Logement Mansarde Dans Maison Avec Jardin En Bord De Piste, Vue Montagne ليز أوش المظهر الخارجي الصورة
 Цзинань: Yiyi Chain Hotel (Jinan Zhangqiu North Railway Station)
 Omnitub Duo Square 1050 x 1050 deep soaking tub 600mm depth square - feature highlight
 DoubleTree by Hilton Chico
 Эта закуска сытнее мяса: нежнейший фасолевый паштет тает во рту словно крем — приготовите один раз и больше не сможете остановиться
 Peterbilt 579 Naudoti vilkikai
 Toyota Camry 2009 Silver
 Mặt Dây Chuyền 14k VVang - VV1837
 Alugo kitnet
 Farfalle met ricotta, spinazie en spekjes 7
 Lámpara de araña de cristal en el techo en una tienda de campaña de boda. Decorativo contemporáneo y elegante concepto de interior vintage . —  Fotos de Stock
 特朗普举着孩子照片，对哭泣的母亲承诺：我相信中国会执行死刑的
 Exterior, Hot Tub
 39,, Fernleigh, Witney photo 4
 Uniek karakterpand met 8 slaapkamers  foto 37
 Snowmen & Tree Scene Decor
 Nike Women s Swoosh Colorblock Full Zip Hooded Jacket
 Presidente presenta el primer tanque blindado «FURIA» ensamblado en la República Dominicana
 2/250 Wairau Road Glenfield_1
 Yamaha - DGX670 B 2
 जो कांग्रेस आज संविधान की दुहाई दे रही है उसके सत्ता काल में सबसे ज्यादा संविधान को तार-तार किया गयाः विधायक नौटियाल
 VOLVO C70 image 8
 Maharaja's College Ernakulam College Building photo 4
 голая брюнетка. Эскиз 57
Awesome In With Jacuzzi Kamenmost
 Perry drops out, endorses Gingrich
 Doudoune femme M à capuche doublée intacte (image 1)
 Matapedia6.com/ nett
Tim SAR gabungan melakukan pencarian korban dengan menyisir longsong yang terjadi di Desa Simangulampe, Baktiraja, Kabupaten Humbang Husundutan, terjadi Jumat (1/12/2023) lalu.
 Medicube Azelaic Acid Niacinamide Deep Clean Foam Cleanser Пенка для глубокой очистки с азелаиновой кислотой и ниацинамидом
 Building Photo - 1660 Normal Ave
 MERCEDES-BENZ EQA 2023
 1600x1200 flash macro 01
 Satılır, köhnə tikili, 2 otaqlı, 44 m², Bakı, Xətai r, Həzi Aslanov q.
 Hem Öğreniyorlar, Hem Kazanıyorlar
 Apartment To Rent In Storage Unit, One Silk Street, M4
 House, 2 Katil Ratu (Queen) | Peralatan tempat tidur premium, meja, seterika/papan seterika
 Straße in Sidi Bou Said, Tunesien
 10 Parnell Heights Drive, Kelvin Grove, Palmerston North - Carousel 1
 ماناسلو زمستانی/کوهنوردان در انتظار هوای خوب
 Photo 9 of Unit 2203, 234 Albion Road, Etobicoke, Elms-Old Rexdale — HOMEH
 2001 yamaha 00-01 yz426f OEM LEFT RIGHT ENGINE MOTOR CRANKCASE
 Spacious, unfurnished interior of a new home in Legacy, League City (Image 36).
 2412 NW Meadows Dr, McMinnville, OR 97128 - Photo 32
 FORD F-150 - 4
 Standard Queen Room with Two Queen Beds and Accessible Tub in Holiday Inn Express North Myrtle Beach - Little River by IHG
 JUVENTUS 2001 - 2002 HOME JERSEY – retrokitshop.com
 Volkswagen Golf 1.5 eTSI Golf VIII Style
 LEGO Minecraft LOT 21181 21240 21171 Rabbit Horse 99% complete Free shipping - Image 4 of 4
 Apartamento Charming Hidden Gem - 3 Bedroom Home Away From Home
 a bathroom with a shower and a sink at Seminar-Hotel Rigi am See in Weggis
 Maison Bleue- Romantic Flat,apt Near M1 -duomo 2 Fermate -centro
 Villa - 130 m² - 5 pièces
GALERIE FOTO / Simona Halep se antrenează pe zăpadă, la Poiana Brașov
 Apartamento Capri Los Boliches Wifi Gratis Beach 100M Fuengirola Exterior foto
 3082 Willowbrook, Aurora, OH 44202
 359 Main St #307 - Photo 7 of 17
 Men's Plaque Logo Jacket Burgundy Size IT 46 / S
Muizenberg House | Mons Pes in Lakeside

PROBLEM TO WORK ON -
Word for word, restate the lines above from the line containing "Snowmen & Tree Scene Decor" through the line containing "Tim SAR gabungan", with both included and nothing else.

ANSWER BELOW -
 Snowmen & Tree Scene Decor
 Nike Women s Swoosh Colorblock Full Zip Hooded Jacket
 Presidente presenta el primer tanque blindado «FURIA» ensamblado en la República Dominicana
 2/250 Wairau Road Glenfield_1
 Yamaha - DGX670 B 2
 जो कांग्रेस आज संविधान की दुहाई दे रही है उसके सत्ता काल में सबसे ज्यादा संविधान को तार-तार किया गयाः विधायक नौटियाल
 VOLVO C70 image 8
 Maharaja's College Ernakulam College Building photo 4
 голая брюнетка. Эскиз 57
Awesome In With Jacuzzi Kamenmost
 Perry drops out, endorses Gingrich
 Doudoune femme M à capuche doublée intacte (image 1)
 Matapedia6.com/ nett
Tim SAR gabungan melakukan pencarian korban dengan menyisir longsong yang terjadi di Desa Simangulampe, Baktiraja, Kabupaten Humbang Husundutan, terjadi Jumat (1/12/2023) lalu.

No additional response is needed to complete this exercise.